[PROBLEM TO SOLVE]:
Select, from the data, each line where "Weight" occurs.

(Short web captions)
┄┄┄┄┄┄
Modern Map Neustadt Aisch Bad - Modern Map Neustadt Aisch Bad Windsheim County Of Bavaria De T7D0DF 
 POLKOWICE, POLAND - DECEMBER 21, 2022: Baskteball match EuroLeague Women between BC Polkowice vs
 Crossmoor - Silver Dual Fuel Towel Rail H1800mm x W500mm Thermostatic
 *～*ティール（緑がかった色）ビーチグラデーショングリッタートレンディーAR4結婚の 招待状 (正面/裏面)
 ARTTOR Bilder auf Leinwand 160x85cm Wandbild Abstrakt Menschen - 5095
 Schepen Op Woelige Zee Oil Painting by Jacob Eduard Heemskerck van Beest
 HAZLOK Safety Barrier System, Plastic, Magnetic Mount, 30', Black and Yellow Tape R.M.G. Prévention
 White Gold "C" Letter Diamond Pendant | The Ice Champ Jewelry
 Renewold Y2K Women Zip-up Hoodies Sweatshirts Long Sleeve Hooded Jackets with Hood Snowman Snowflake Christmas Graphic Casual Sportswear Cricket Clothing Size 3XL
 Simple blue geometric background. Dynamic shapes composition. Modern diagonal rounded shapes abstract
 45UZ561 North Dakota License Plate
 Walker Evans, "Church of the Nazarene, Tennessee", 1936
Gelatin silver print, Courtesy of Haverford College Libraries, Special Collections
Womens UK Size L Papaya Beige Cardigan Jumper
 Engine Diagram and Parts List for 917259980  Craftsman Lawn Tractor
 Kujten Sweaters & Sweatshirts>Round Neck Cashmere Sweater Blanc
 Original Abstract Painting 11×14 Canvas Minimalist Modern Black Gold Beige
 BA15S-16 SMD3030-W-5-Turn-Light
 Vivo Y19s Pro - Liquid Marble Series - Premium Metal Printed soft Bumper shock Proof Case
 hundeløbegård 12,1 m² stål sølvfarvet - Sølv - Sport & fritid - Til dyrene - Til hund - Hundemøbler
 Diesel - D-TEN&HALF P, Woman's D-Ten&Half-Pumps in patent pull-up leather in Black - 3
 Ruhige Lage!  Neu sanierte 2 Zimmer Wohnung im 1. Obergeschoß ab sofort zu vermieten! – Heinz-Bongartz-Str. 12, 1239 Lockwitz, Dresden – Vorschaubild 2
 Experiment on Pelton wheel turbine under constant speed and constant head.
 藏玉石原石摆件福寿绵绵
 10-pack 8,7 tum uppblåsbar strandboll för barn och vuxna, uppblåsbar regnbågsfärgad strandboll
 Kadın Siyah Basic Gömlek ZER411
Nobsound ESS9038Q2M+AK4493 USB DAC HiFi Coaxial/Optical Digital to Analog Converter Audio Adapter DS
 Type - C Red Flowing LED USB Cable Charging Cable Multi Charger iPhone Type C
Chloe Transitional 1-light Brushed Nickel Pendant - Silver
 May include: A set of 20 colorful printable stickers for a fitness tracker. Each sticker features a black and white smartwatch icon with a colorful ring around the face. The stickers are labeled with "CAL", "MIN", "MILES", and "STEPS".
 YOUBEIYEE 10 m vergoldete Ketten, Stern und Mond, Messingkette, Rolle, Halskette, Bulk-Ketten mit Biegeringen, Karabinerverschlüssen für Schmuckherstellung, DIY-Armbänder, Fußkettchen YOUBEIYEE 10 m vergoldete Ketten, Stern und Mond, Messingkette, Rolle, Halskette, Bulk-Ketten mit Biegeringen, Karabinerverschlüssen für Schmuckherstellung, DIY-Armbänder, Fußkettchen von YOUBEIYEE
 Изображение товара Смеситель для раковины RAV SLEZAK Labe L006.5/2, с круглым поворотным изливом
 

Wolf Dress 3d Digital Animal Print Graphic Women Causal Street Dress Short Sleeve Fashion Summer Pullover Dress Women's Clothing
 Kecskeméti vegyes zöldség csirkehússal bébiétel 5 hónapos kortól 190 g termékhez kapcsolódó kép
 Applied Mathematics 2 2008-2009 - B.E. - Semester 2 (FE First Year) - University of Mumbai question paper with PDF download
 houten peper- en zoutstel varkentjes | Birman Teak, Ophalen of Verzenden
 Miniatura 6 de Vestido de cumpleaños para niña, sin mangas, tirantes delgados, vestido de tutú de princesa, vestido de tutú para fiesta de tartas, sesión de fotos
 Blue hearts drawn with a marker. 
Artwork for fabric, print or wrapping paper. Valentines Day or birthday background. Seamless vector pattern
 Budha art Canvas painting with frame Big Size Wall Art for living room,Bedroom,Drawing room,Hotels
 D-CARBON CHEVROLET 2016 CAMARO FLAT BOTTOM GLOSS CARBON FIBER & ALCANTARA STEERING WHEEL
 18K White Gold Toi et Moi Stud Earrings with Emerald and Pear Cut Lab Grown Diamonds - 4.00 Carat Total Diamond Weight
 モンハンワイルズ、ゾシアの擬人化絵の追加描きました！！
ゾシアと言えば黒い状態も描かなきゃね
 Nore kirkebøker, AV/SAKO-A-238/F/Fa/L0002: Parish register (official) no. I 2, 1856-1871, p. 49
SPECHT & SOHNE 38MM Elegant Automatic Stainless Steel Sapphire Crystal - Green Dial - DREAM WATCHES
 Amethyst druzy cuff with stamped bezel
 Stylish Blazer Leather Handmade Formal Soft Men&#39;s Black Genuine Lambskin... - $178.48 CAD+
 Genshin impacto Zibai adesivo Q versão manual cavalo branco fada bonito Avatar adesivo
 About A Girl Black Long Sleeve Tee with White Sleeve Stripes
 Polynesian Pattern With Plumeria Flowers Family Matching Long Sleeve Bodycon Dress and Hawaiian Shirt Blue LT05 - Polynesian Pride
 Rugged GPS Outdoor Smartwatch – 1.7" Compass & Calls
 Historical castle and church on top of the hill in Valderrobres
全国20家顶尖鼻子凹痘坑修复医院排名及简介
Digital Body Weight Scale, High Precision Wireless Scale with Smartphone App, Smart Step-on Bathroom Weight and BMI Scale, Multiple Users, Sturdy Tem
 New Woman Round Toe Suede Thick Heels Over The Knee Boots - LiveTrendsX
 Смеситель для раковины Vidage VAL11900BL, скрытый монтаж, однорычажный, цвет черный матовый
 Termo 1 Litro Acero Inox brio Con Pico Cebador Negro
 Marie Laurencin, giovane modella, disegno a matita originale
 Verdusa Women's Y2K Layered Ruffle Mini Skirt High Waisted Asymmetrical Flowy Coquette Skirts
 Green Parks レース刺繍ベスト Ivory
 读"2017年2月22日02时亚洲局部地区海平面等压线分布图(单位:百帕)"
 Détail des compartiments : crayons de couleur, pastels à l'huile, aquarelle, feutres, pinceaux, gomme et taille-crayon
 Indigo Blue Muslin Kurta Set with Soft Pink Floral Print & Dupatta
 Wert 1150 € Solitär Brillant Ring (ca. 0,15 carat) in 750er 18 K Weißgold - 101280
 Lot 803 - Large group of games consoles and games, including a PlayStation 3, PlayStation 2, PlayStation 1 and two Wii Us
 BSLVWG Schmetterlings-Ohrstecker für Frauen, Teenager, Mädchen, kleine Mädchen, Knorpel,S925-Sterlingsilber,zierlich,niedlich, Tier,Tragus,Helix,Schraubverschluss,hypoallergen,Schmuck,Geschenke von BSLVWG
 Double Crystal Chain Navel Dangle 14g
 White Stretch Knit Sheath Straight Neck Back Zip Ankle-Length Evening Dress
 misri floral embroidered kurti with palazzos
┄┄┄┄┄┄
[RESULT BELOW]:
 18K White Gold Toi et Moi Stud Earrings with Emerald and Pear Cut Lab Grown Diamonds - 4.00 Carat Total Diamond Weight
Digital Body Weight Scale, High Precision Wireless Scale with Smartphone App, Smart Step-on Bathroom Weight and BMI Scale, Multiple Users, Sturdy Tem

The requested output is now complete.